Delhi, UP, Bihar may face power disruption due to coal shortage: Report

Earlier this year, the Coal Ministry had ruled out any possibility of dry coal shortage in the upcoming monsoon season and said that it had sufficient stocks to meet the demand of power plants.

By BusinessToday.In  
Tuesday, September 4, 2018

North Indian states such as Delhi, Uttar Pradesh, Bihar, Jharkhand and West Bengal are staring at likely power disruptions due to shortage in coal supply in monsoon season. According to a report in the Economic Times, these states are vulnerable to disruptions as fuel supply to 4,200 mw of generation capacity that feeds north Indian states has fallen sharply, increasing the risk of a shutdown in event of heavy rain.

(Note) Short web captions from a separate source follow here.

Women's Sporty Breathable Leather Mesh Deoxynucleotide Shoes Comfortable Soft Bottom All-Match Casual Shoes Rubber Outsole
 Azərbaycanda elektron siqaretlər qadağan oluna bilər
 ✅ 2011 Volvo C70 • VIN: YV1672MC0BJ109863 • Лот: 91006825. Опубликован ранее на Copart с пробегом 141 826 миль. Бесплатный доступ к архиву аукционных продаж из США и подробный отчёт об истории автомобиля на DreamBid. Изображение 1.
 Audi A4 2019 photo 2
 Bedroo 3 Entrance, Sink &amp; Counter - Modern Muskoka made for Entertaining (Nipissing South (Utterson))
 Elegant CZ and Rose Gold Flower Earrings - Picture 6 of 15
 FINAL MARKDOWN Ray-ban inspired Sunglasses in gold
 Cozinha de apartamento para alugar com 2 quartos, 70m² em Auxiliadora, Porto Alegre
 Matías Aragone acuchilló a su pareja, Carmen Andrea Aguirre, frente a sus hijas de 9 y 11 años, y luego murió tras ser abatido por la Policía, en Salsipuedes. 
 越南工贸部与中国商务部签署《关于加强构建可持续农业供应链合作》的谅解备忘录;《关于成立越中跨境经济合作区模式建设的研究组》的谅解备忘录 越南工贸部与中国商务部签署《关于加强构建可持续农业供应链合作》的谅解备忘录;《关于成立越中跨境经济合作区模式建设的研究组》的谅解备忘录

State-run Coal India's supply has fallen because the mine which was supplying coal to NTPC's large plants in the east has almost run out of stock, the report said. The state-owned firm accounts for over 80 per cent of the domestic coal production.

"Coal India's supply from Rajmahal mines in Jharkhand has fallen to 40,000 tonnes a day from about 55,000 tonnes. On a rainy day, the supply halves.  At NTPC's Farakka plant, stocks have plummeted to 4,000 tonnes from 2.5 lakh tonnes almost two months ago," the ET quoted a senior NTPC official as saying.

At the Kahalgaon plant, stocks tumbled to 45,000 tonnes from 5 lakh tonnes two months ago, forcing the company to scale down generation levels to 60 per cent and 80 per cent at Farakka and Kahalgaon power plants respectively from around 90 per cent for both plants, the official told the business daily.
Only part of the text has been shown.